Nous devons être conscients que cette revalorisation doit s’accompagner d’un soutien accru aux élus, que ce soit dans leur gestion des responsabilités comme dans la conciliation entre mandat et vie personnelle.

Au risque de me répéter, sur ce point, je réaffirme que les discussions sont allées dans le bon sens, de la prise en charge des frais de transport et des frais de représentation à la flexibilité des absences, en passant par la formation des élus.

Il va sans dire que nous regrettons que, en dépit de son titre, ce texte n’aille pas assez loin sur le statut des élus. Nous pensons au statut de salarié protégé, proposé par nos collègues MM. Éric Kerrouche et Didier Marie, qui garantissait qu’un salarié ne puisse faire l’objet d’une mesure de licenciement ou de rupture de contrat au seul motif qu’il exercerait des fonctions électives.
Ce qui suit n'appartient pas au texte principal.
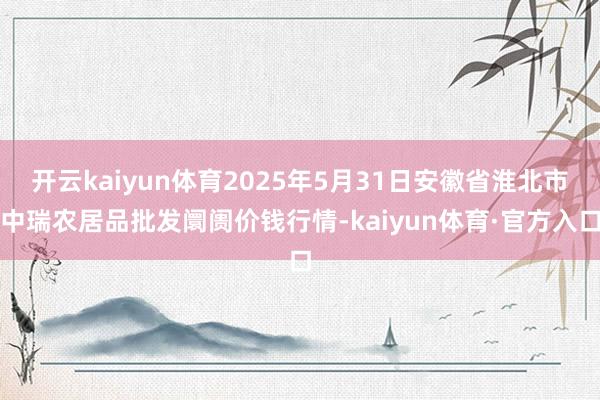 开云kaiyun体育2025年5月31日安徽省淮北市中瑞农居品批发阛阓价钱行情-kaiyun体育·官方入口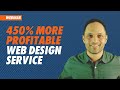 New Web Design Service 450% More Profitable Than Web Design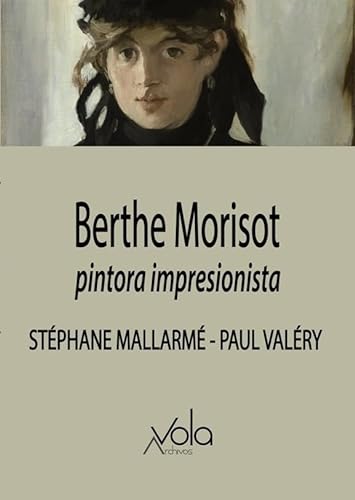 Imagen de archivo de BERTHE MORISOT, PINTORA IMPRESIONISTA a la venta por KALAMO LIBROS, S.L.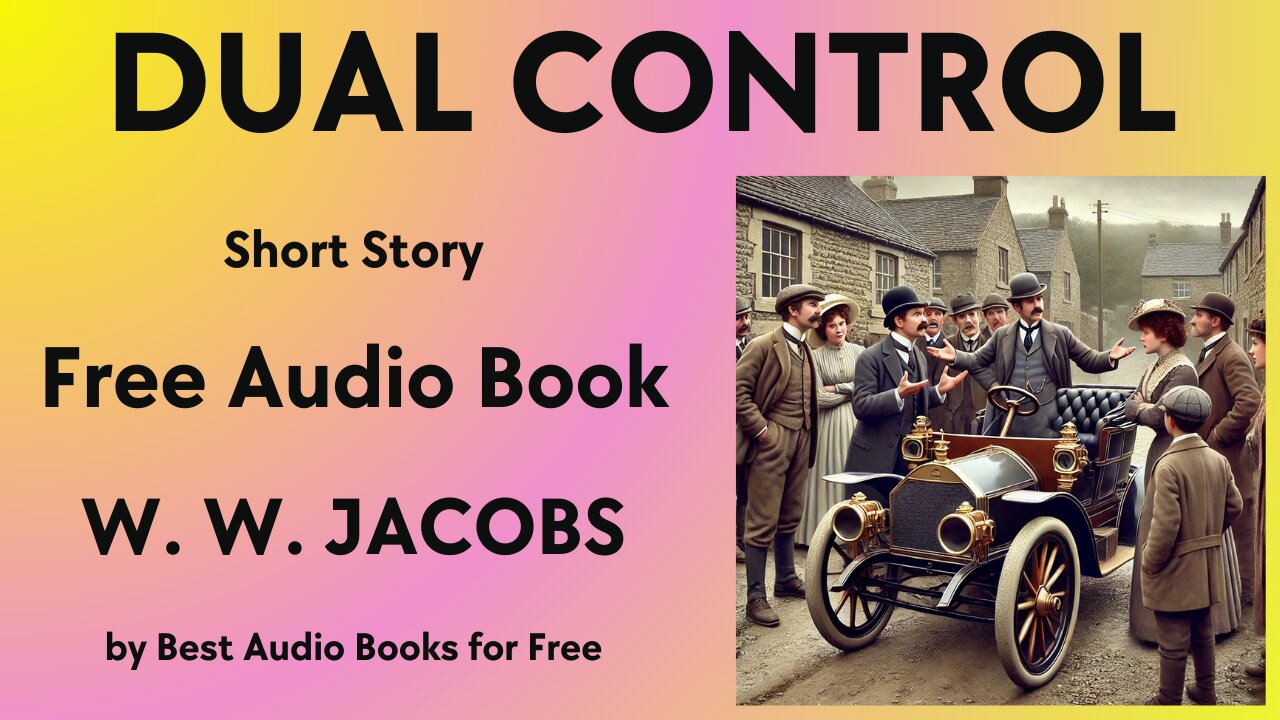 Dual Control - A Short Story - by W. W. Jacobs - Best Audio Books for Free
Enfin, nous pensons évidemment à la maire de Poitiers, qui a dû faire le choix de cesser temporairement d’exercer ses fonctions pour bénéficier pleinement de son congé de maternité et qui a ainsi vu ses revenus financiers diminuer. Cette situation n’est pas tolérable. Tout élu local qui cesse temporairement d’exercer ses fonctions pour accueillir un enfant dans le cadre d’un congé de maternité, de paternité ou d’adoption doit pouvoir continuer à percevoir ses indemnités de fonction.
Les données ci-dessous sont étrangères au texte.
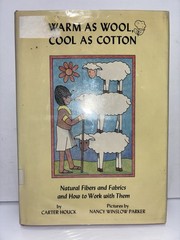 Warm as Wool, Cool as Cotton: Natural Fibers and Fabrics Rare Vintage Cloth Book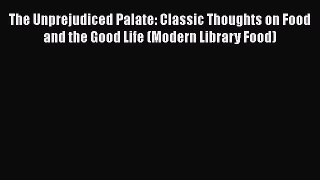 [Read book] The Unprejudiced Palate: Classic Thoughts on Food and the Good Life (Modern Library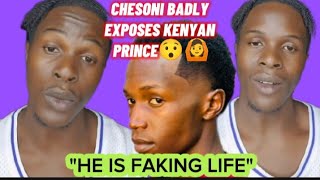 CHESONI BADLY EXPOSES KENYAN PRINCE ON HIS NEW CAR😯🙆quotHE IS FAKING LIFEquot💔 [upl. by Mloclam]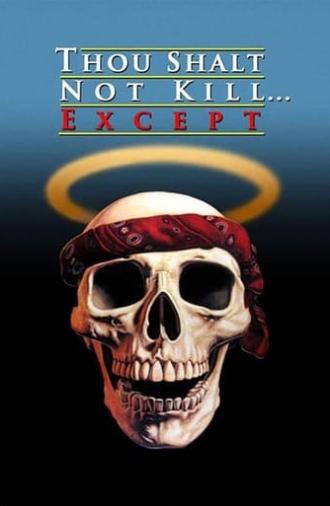 Thou Shalt Not Kill... Except (1985)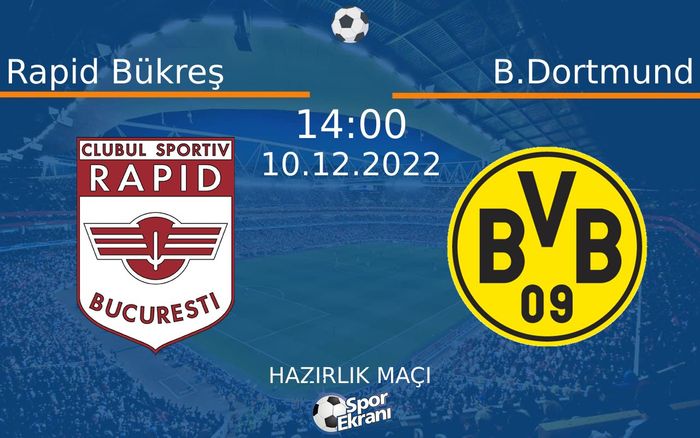 10 Aralık 2022 Rapid Bükreş vs B.Dortmund maçı Hangi Kanalda Saat Kaçta Yayınlanacak? 10 Aralık 2022 Rapid Bükreş vs B.Dortmund maçı Hangi Kanalda Saat Kaçta Yayınlanacak?
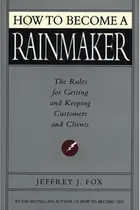 Book cover of How to Become a Rainmaker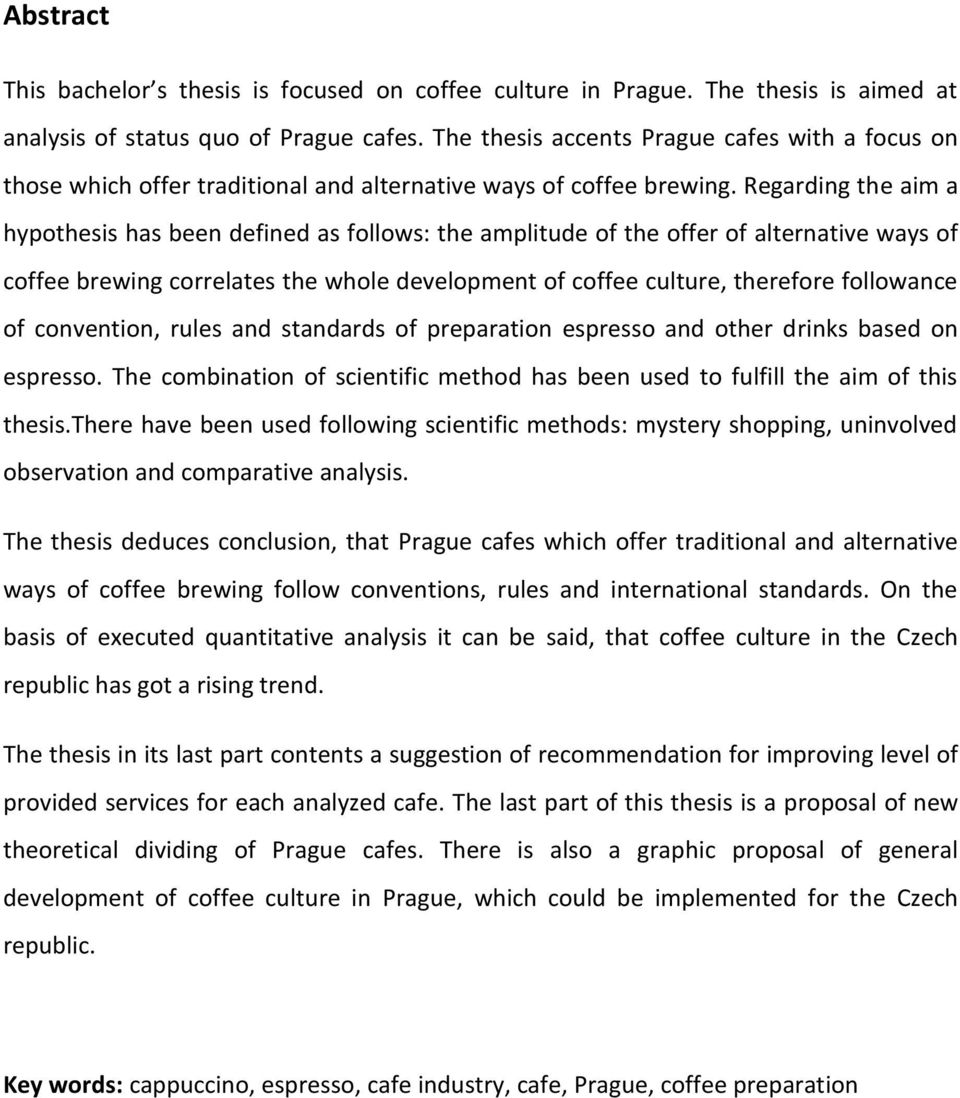 Regarding the aim a hypothesis has been defined as follows: the amplitude of the offer of alternative ways of coffee brewing correlates the whole development of coffee culture, therefore followance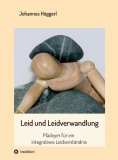 eBook: Leid und Leidverwandlung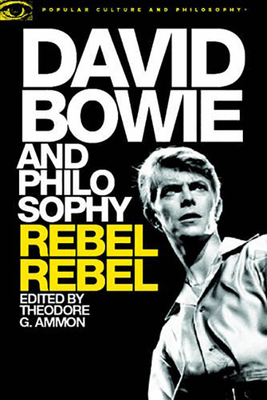 David Bowie and Philosophy: Rebel Rebel (Popular Culture and Philosophy #103)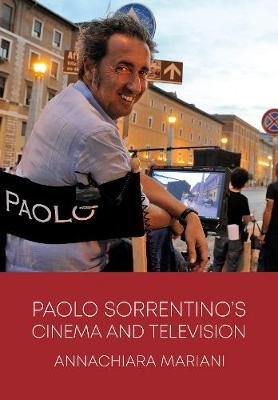 Paolo Sorrentino's Cinema and Television Opracowanie zbiorowe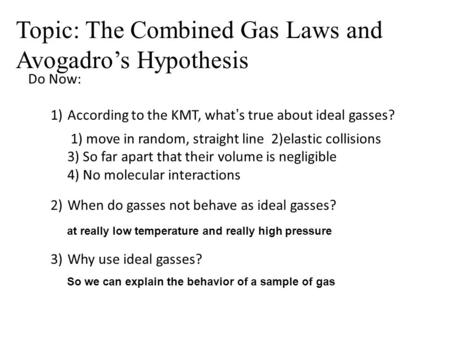 Do Now: 1)According to the KMT, what’s true about ideal gasses? 2)When do gasses not behave as ideal gasses? 3)Why use ideal gasses? 1) move in random,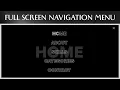 I Fused 3 FullScreen Navigation Into One Smooth Animated Menu using HTML CSS JavaScript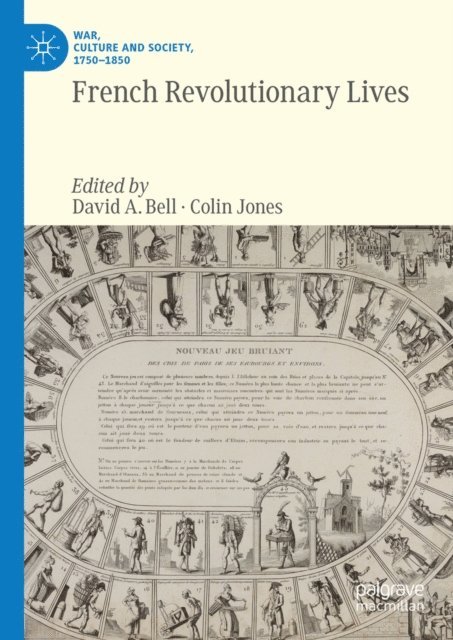 Colin Jones, David A. Bell - French Revolutionary Lives, E-bok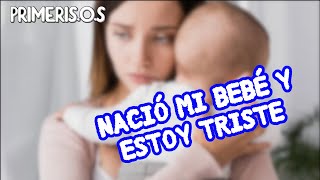 NACIÓ MI BEBÉ Y ESTOY TRISTE [upl. by Aibar]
Nous voterons en faveur de ce texte, mais non sans la ferme conviction que notre travail ne s’arrête pas aujourd’hui. Ce texte n’est pas un aboutissement, c’est un commencement, qui témoigne de l’engagement renouvelé du Sénat envers nos élus locaux, envers nos territoires, envers la démocratie. (Applaudissements sur les travées du groupe SER. – M. Guy Benarroche applaudit également.)

M. le président. La parole est à M. Roger Karoutchi. (Applaudissements sur les travées du groupe Les Républicains.)

M. Roger Karoutchi. Monsieur le président, madame la ministre, mes chers collègues, naturellement, le groupe Les Républicains votera cette proposition de loi. Je n’entrerai pas dans les détails de ce texte, que tous ont appelé avant moi : il s’agit d’améliorer la situation indemnitaire, la capacité à s’engager dans la vie publique, la réinsertion post-mandat, les retraites… Finalement, avec tout le respect que j’ai pour tous ceux qui ont élaboré ce texte, je considère que tous ces éléments sont en discussion ou ont progressivement émané des rapports d’information du Sénat et d’un certain nombre de textes depuis vingt-cinq ans.

Cependant, madame la ministre, il y a un autre sujet… Si des milliers d’élus veulent mettre fin à leur mandat, ce n’est pas uniquement parce que leur indemnité n’est pas suffisante. Il y a autre chose… (Marques dapprobation sur les travées du groupe Les Républicains.)